Folklorn: ⭐⭐⭐⭐ This is not the book I expected it to be. Thank you to NetGalley and Erewhon Books for an Advance Reader Copy of this book. Publication date: 27 April 2021
It is really a contemporary story with some pretty heavy topics. Elsa is a complex character dealing with complex family dynamics and ancestral history. She is a female Korean particle physicist doing her post-doc in Sweden. That alone would make for a complicated storyline. She is also revisiting family and generational trauma which adds a mythical layer to the story. As an experimentalist physicist, Elsa can only rule out possibilities, not prove what is true. Does she have mental illness or spirit sickness?
There are lots of metaphors in here, and a lot of them are over my head, about ghost particles, and ghosts of ghosts. Some chapters are Korean folktales. There are chapters about Elsa’s family relationships with her parents and her brother, and their experiences immigrating to America. Elsa’s job takes her from the South Pole, where she has a Swedish lover, to Stockholm, where she meets a Korean-born Swedish adoptee. Historical connections between Korea and Sweden come into play.
This novel is FULL. My analytical mind loved it, my emotional mind loved it, my spiritual mind loved it. This is an author I will surely read again.
The Last Thing He Told Me: ⭐⭐⭐⭐ Thank you to NetGalley and Simon & Schuster Canada for allowing me to read an advance copy of this book. Publication date: 4 May 2021
I don't read mystery thrillers much anymore, because I have read so many that I tend to find them all very predictable. This one was different. First of all, this novel is character driven. I related to Hannah, whose husband disappeared, leaving her to look after her sixteen-year-old stepdaughter. I loved the writing style, the short chapters, and the fact that the plot took me places I wasn't expecting. I know I am emotionally engaged with characters when I finish the last chapter sobbing.

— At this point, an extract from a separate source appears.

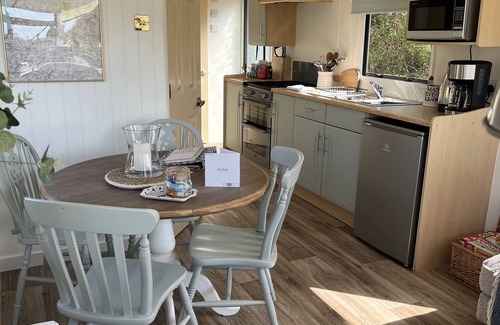Hartland House | Brambly Hedge, shepherds hut style, sleeps 4, with garden, walk to pubs & shops.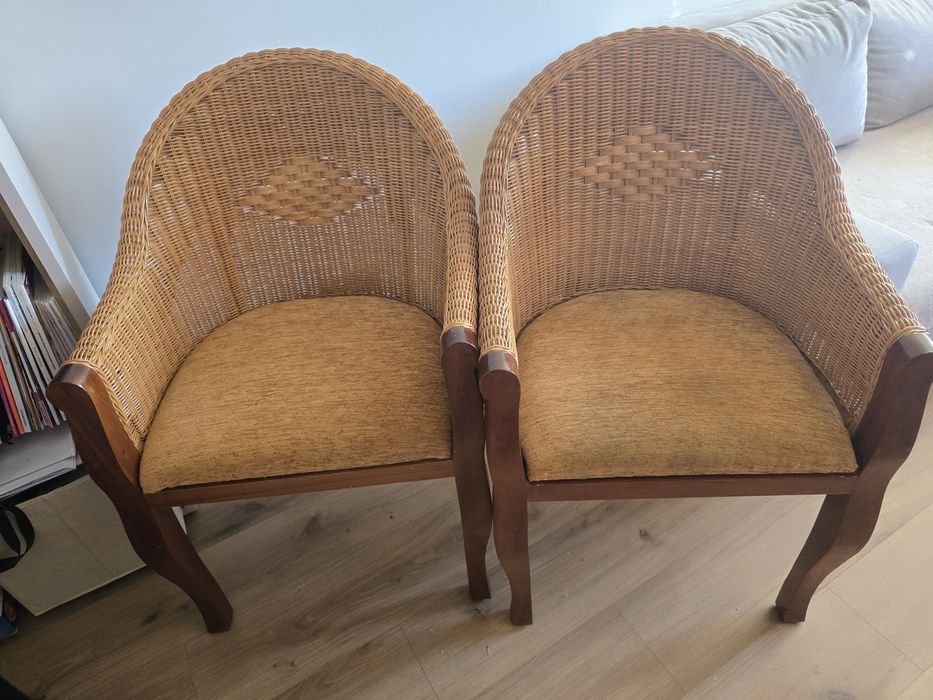 2 rattanowe fotele z miękkim siedziskiem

Swimming Back To Trout River: ⭐⭐⭐⭐I feel lucky to have read an advance copy of this debut novel. Thank you NetGalley and Simon & Schuster Canada. I will be watching out for more from Linda Rui Feng. She knows how to create authentic, endearing characters. Publication date: 4 May 2021
This is supposed to be the story of Junie, but it’s really the story of her parents and the sacrifices and heartbreaks they faced growing up during the Chinese Cultural Revolution and how it shaped them, and ultimately how it will shape Junie’s future.
I read this novel compulsively. The story moves from rural China to San Francisco, back and forth in time, with four point of view characters. At every point, I was immersed in the lives of the characters. How would the turning points in each of their lives end up connecting them to each other? I did feel it ended somewhat abruptly, but maybe I just didn’t want to say goodbye to these characters.
Unsettled Ground: ⭐⭐⭐⭐ I received an advance copy of this one (thanks NetGalley and House of Anansi Press!) Publication date: 18 May 2021
This is a slow, quiet story. The rich details of the writing pulled me in. Jeanie and her twin brother, Julius, are middle aged, unemployed, and now that their mother has died, apparently homeless. They must figure out how to manage without her.
The characters are both frustrating and captivating. I found myself cringing at the choices they made, and at the same time, rooting for them to succeed. They seem very old-fashioned to me, maybe because of the rural setting and poverty. Their lives and the world they live in are depicted so vividly, they feel like real people to me.